Input material:

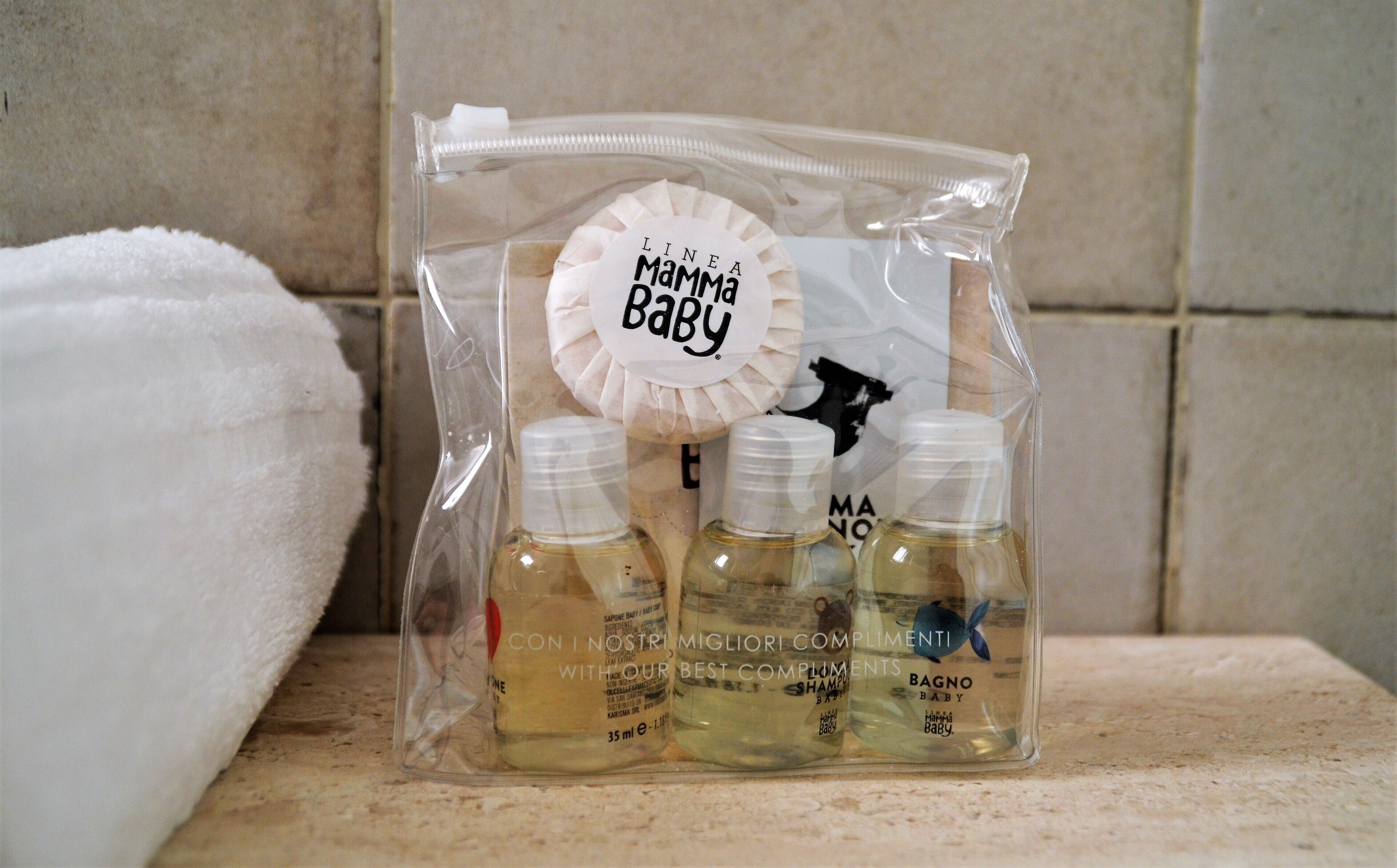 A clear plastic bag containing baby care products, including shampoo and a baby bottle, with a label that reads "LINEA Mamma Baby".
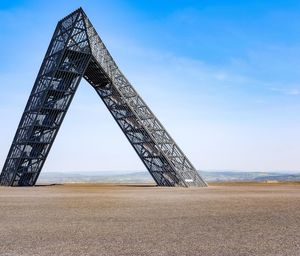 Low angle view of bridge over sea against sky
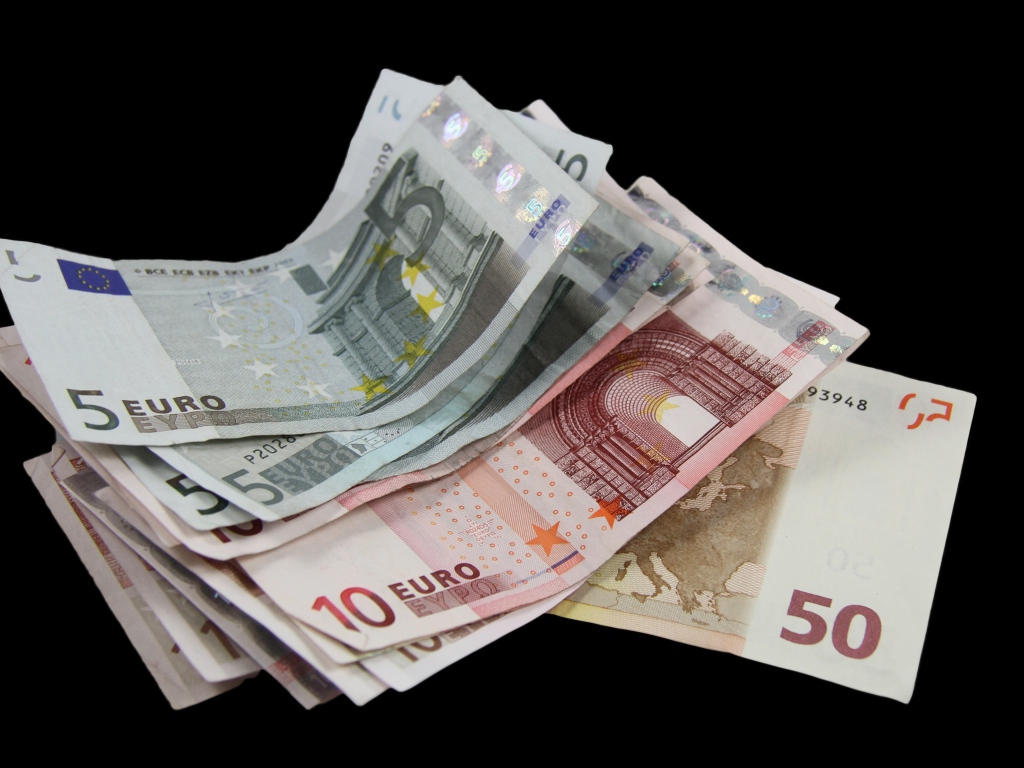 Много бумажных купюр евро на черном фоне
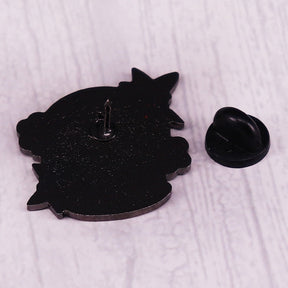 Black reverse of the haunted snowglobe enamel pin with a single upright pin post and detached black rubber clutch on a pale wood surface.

--

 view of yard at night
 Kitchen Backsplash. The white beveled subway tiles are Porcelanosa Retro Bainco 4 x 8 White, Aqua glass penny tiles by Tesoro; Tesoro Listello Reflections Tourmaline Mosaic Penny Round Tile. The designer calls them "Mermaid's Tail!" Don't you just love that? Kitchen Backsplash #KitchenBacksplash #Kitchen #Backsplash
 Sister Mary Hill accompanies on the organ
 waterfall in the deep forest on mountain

What to produce: With the pictures omitted, copy the entries above exactly from the line containing "A clear plastic" through the line containing "Black reverse of", both lines included.

Solution to this problem:
 A clear plastic bag containing baby care products, including shampoo and a baby bottle, with a label that reads "LINEA Mamma Baby".
 Low angle view of bridge over sea against sky
 Много бумажных купюр евро на черном фоне
 Black reverse of the haunted snowglobe enamel pin with a single upright pin post and detached black rubber clutch on a pale wood surface.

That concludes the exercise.